Let $e(t)$ denote $\exp\{2\pi i t\}$. For integers $m$ and $j$, why is it true that $\sum_{k=1}^{m-1} e(jk/m) = 0$ if $m$ does not divide $j$; and $m$ if $m$ does divide $j$?
I tried the case $m=j=2$ but this gives $\sum_{k=1}^{m-1} e(jk/m) =e(1) = \cos(2\pi) + i\sin(2\pi) = 1 \not= 2 =m$. Is there something wrong?
I will consider the sum starting at $k=0$ (and not $k=1$ as written in the question).
If $j/m$ is an integer, then $e^{2\pi i k j / m}=1$ for all $k$, so the sum is $m$.
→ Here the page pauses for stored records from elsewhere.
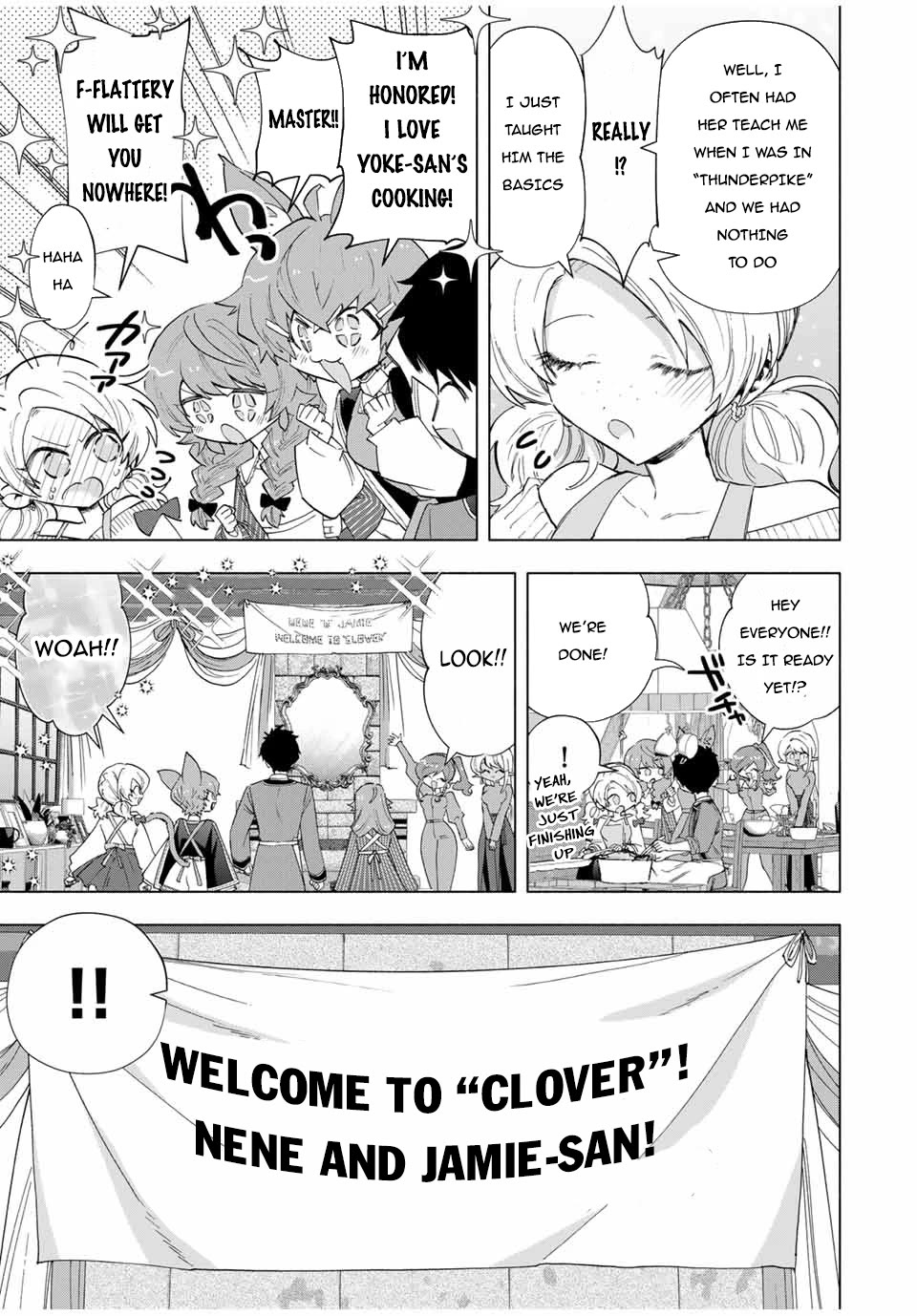 Page 4 of Chapter 83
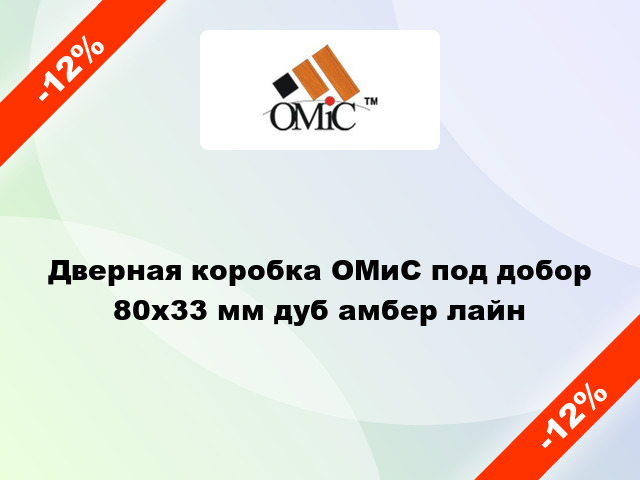 Дверная коробка ОМиС под добор 80x33 мм дуб амбер лайн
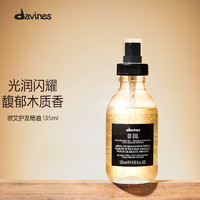 davines 大卫尼斯 欧艾护发精油亮泽柔顺滋润发油意大利进口精华油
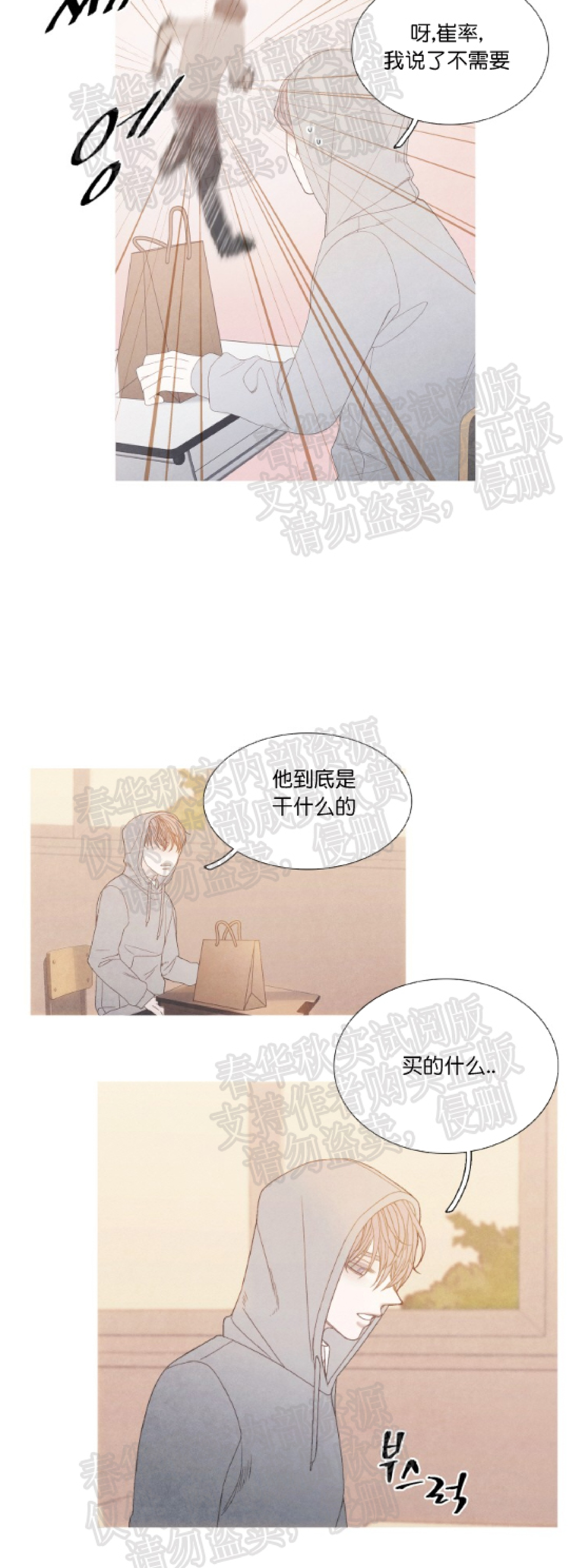 《冰点/融化的点/某个点》漫画最新章节第12话免费下拉式在线观看章节第【23】张图片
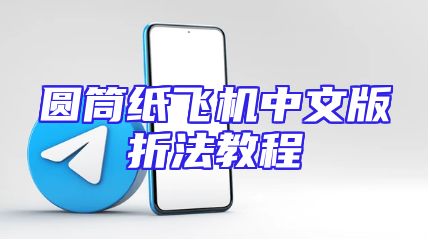 圆筒纸飞机中文版折法教程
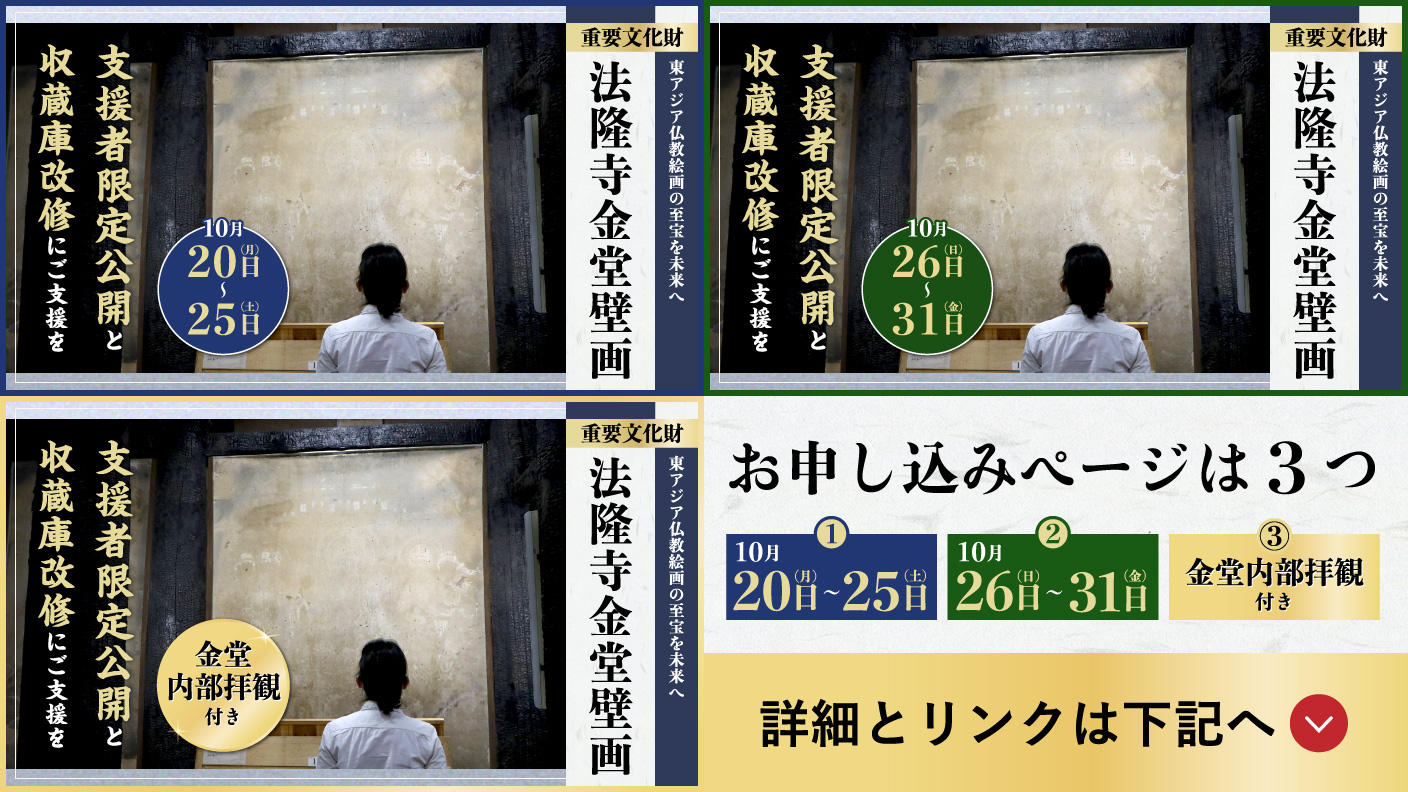 クラウドファンディングプロジェクト：【10月26～31日見学】焼損した金堂壁画の一般公開を目指した支援者限定公開と収蔵庫改修にご支援を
If $j/m$ is not an integer, then $e^{2\pi i j / m}\ne1$, and we have $$ \sum_{k=0}^{m-1}e^{2\pi i j k / m} =\sum_{k=0}^{m-1}(e^{2\pi i j / m})^k =\frac{1-(e^{2\pi i j / m })^m}{1-e^{2\pi i j / m }} =\frac{1-e^{2\pi i j }}{1-e^{2\pi i j / m }} =\frac{0}{1-e^{2\pi i j / m }}=0 $$